As a young, educated, religious, fashion-forward, and African Muslim woman, I enjoyed reading, Vogue, Harpers Bazaar, and Aquila magazine. I was an avid Fashion TV viewer and an only shopping junkie. However, as I grew older, I realized that there were no publications available which truly represented me. I spoke to other women like myself, conducted surveys, and after months of agonizing and complaining, Hayati Magazine was born.
My target is Muslim women between the ages of 18 and 34 years, from African descent, technology savvy, minimum of a high school education, and seeking financial freedom. Although Hayati is accessible to all via social media and it’s online platform, readers require a minimum level of education and technical skills. Therefore, I want women who do not have these skills to aspire to have them, so they can be part of the Hayati Community, and ultimately improve their lives.
I first created an Instagram account in August 2012. After the rapid success of the account, its followers soon began to demand a blog. In September 2012, I designed and launched www.hayationline.com. In November 2012, I designed and began to publish quarterly publications. In 2013 I registered the company and secured the domain name www.hayatimagazine.com. In 2014, I launched the Hayati Summer Internship Program. In 2015, one of Hayati’s editorials was featured in Vogue Italia. In 2016, I was nominated for the Future Award in Media Enterprise for my work with Hayati. In 2017, I launched Hayati print, and in 2018, Hayati partnered with media giant Bella Naija to produce content geared towards young Muslim women.

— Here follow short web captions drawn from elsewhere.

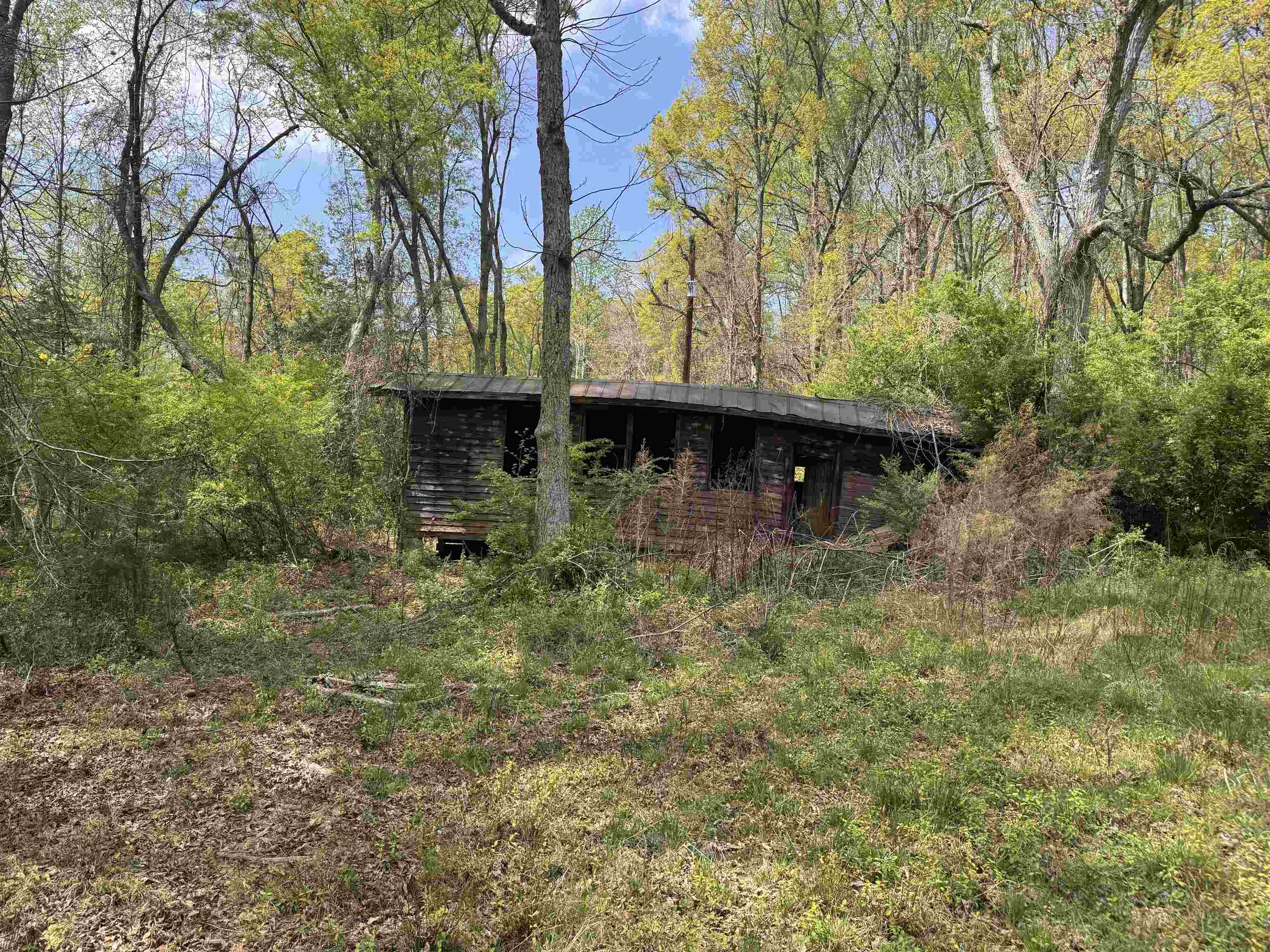 335564 Property Photo 8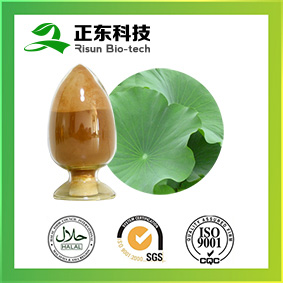 Lotus Leaf Extract Can Regulate the High Blood Pressure, Promote Blood Circulation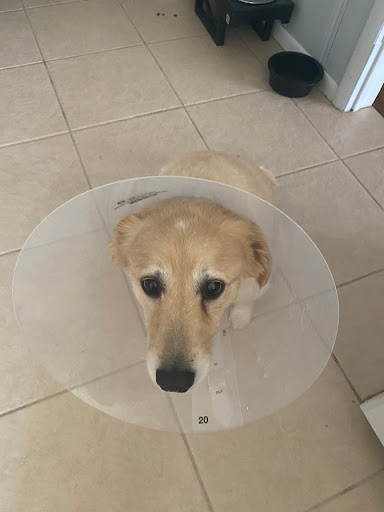 Pet Supply Store «Petco Animal Supplies», reviews and photos, 993 Branson Hills Pkwy, Branson, MO 65616, USA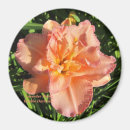 Recherche de dessous de verres magnets Nature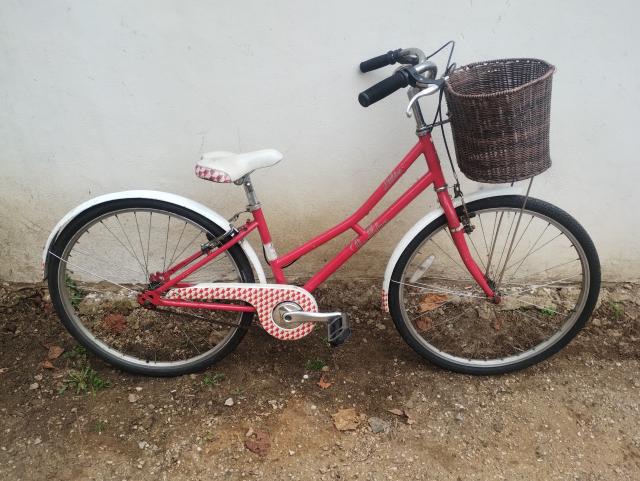 Used Pendelton Classic Bike For Sale in Oxford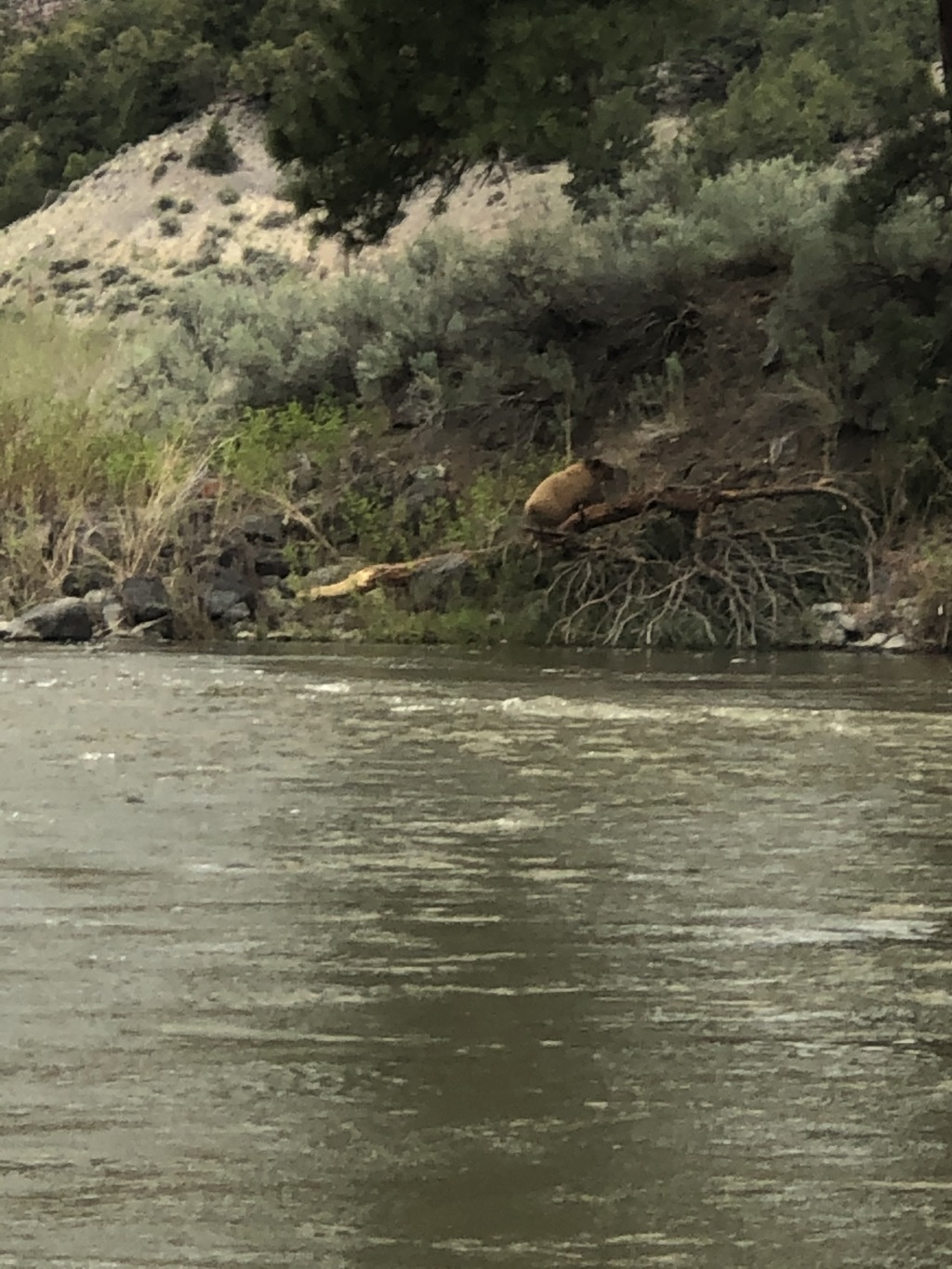 2020/05(May)/Colorado/1024x768_2020-05-27-Colorado-12-bear.JPG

Hayati is now a household name and is continuing to gain recognition across Northern Nigeria. Brands including Nestle, Pandora, Vlisco, Lulu, and many more have partnered with Hayati to reach a wider audience. Young African Muslim women are proud and happy that such a publication exists, and many are hoping to use it as a platform to share their respective talents and achievements with the world.